------ Data extract ------

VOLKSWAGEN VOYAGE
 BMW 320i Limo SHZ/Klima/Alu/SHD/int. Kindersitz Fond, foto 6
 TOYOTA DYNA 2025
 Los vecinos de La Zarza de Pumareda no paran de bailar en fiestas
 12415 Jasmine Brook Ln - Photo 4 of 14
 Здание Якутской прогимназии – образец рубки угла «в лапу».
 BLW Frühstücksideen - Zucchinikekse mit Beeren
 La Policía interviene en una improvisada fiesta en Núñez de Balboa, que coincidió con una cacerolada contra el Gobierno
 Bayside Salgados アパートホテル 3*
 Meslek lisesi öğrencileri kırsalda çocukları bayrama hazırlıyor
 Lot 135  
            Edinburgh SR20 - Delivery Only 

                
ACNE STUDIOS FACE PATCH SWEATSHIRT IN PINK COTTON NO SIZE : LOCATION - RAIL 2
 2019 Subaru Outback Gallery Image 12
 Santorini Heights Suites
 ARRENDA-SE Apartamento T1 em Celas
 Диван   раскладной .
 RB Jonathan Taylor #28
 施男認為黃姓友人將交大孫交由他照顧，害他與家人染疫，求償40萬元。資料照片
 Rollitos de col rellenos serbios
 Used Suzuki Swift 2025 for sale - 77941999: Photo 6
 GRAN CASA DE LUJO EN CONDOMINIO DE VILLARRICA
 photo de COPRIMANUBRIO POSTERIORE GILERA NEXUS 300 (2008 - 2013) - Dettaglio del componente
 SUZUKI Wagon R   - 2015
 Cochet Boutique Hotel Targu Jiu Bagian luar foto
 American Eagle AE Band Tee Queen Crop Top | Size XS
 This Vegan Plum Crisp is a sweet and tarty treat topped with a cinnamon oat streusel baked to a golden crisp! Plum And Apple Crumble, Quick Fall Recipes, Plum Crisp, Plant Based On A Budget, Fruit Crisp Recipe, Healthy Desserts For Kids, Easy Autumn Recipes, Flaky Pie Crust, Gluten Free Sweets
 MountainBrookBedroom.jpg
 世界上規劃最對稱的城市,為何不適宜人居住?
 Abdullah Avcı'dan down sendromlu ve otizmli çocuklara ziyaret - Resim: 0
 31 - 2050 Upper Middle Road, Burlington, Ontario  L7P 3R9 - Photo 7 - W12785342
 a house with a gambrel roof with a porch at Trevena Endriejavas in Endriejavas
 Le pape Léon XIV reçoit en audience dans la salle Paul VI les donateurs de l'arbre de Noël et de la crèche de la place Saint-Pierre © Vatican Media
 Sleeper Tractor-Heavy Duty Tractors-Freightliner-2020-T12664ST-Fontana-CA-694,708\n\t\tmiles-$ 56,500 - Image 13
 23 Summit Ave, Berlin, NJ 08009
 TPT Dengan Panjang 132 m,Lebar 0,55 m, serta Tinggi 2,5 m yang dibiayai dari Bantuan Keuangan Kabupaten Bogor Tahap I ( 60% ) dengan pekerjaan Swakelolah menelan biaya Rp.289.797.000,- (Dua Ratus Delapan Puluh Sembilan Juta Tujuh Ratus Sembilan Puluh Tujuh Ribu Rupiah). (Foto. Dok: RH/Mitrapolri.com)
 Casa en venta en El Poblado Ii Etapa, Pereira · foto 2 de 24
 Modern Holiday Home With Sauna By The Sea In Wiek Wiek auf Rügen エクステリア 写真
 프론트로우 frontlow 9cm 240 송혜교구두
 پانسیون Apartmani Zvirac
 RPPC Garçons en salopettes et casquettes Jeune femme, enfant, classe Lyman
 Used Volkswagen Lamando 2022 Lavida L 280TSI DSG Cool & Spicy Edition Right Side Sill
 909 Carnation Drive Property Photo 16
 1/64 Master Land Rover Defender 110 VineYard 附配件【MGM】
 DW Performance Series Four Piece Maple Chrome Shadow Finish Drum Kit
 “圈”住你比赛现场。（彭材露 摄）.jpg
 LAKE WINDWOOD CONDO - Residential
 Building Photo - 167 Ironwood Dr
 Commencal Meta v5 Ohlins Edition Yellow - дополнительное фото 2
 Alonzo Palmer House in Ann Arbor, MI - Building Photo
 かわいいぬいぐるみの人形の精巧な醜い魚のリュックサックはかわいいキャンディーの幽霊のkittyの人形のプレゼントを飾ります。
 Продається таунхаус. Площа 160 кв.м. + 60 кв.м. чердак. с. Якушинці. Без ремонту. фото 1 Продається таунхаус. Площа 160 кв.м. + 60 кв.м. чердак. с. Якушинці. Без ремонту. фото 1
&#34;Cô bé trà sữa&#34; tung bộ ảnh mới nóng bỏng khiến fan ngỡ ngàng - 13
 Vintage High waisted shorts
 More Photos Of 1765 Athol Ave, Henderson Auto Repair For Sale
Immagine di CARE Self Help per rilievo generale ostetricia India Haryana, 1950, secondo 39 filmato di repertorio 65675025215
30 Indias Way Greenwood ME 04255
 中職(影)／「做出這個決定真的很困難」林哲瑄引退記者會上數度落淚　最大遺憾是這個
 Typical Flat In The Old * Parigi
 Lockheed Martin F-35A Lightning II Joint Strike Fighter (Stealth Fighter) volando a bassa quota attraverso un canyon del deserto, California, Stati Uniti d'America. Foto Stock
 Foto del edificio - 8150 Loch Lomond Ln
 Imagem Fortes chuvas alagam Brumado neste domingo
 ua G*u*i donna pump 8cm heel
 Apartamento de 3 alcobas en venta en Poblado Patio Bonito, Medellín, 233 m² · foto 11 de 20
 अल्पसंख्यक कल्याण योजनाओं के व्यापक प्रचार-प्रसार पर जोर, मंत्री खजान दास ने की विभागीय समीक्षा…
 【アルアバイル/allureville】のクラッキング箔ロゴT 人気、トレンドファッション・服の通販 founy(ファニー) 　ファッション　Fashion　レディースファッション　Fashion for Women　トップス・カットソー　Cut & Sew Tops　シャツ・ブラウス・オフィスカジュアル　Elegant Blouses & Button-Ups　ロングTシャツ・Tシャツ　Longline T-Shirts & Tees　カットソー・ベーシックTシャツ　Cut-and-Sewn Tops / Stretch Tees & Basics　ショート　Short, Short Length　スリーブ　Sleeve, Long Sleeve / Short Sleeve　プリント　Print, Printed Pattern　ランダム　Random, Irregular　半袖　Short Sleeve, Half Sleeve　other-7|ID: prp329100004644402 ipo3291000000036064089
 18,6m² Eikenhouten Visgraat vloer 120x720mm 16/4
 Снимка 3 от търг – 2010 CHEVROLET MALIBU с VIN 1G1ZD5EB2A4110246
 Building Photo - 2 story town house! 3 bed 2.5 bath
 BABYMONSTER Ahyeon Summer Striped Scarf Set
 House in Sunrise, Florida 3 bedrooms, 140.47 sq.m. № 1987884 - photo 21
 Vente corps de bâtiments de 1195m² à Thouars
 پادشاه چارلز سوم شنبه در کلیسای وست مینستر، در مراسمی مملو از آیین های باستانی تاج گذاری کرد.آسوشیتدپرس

------

→ **Directions**
Produce only the lines from the line containing "American Eagle AE" through the line containing "a house with", inclusive of both, exactly as they stand in the entries above.

→ **Answer box**
 American Eagle AE Band Tee Queen Crop Top | Size XS
 This Vegan Plum Crisp is a sweet and tarty treat topped with a cinnamon oat streusel baked to a golden crisp! Plum And Apple Crumble, Quick Fall Recipes, Plum Crisp, Plant Based On A Budget, Fruit Crisp Recipe, Healthy Desserts For Kids, Easy Autumn Recipes, Flaky Pie Crust, Gluten Free Sweets
 MountainBrookBedroom.jpg
 世界上規劃最對稱的城市,為何不適宜人居住?
 Abdullah Avcı'dan down sendromlu ve otizmli çocuklara ziyaret - Resim: 0
 31 - 2050 Upper Middle Road, Burlington, Ontario  L7P 3R9 - Photo 7 - W12785342
 a house with a gambrel roof with a porch at Trevena Endriejavas in Endriejavas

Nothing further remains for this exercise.